Oh sorry. I have never used the output contact statuses. I always did my own setpoints inside ISY with longer or shorter cycled the humidifier appropriately based on the ISY setpoint. However I did sync my ISY setpoints off my ecobee stat humidity setpoints.

When I built my home many contractors stated I would never need a humidifier, based on the sealing of my construction, so I built the air handler space too tight to add one. Boy, were they wrong! If you use an HRV ventilation system in the winter climate. I used a large room humidifier and had to haul water regularly in winter months. 😪

IIRC, my ecobee 3, and ecobee 4, only ever had one extra contact output. You had to take your choice between usage setup.

Edited by larryllix
Posted
21 hours ago, larryllix said:

If you use an HRV ventilation system in the winter climate.

I've never looked too hard into using HRV systems.
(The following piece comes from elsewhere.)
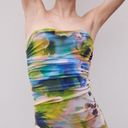 ZARA Strapless Watercolor Dress Photo 4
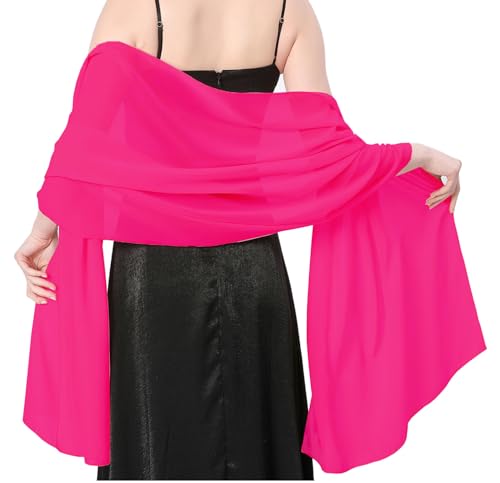 Stola Damen Halstuch Chiffon Sommer Schal Damen Festliche Stola für Abendkleid oder Brautkleid Hochzeit Scarf (Rosenrot) von lifwimner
Air exchange is not a problem, my house leaks like a sieve. I guess the HRV would act as a dehumidifier in the winter since it's chilling the indoor air before exhausting it. It would be interesting to  put eyes on the drip line to see how much water you're removing.

The solution to my problem was to add a few programs to change the dehumidification set point to 55% and set a state variable whenever the humidity hit 60%. This forced the whole-home dehumidifier to start running, and the changed state variable triggers an Alexa routine (which was my goal all along).

Posted
2 hours ago, Hoosier Daddy said:

I've never looked too hard into using HRV systems. Air exchange is not a problem, my house leaks like a sieve. I guess the HRV would act as a dehumidifier in the winter since it's chilling the indoor air before exhausting it. It would be interesting to  put eyes on the drip line to see how much water you're removing.

The solution to my problem was to add a few programs to change the dehumidification set point to 55% and set a state variable whenever the humidity hit 60%. This forced the whole-home dehumidifier to start running, and the changed state variable triggers an Alexa routine (which was my goal all along).

It's not the exhausted air that dries out the house. It is the incoming air that does that. When ventilating my extremely damp cold cellar (over 85% rH) I discovered that rH is not the factor that matters. I would bring in hot humid summer air that was lower rH than the cold cellar Rh and the Rh would rise every time. I had to understand dew point then. After figuring out how to calculate dew point for both environments using ISY calculations (fudged it a lot) the selective ventilation would actually lower the rH of the cold cellar.

Although I could never get the rH below about 75% but I stopped the molding that was ruining things.

To meter both ends of this I used an Insteon 2441WTH stat and two  CAO wireless tags to send information into variables. The inside Tag was a backup to the Insteon stat, only. If the metered range was not reasonable or the Insteon signal was flaky the Tag would switch itself into the calcs.

The most interesting point was using rH to control the humidity. Strange how you can bring in lower rH air and it can raise the destination air rH. Lesson learned on that one.